> _The task_
Go to the line in the entries below that holds "Чугуевского в Ижевске" and repeat exactly from there through the line that holds "Bilder für Lauch-Safransuppe", inclusive.

> _Data to use_
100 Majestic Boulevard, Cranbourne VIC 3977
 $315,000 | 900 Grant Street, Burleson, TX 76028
--
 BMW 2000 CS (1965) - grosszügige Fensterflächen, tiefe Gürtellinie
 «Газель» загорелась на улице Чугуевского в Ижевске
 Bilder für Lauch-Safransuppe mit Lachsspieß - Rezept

> _Task result_
 «Газель» загорелась на улице Чугуевского в Ижевске
 Bilder für Lauch-Safransuppe mit Lachsspieß - Rezept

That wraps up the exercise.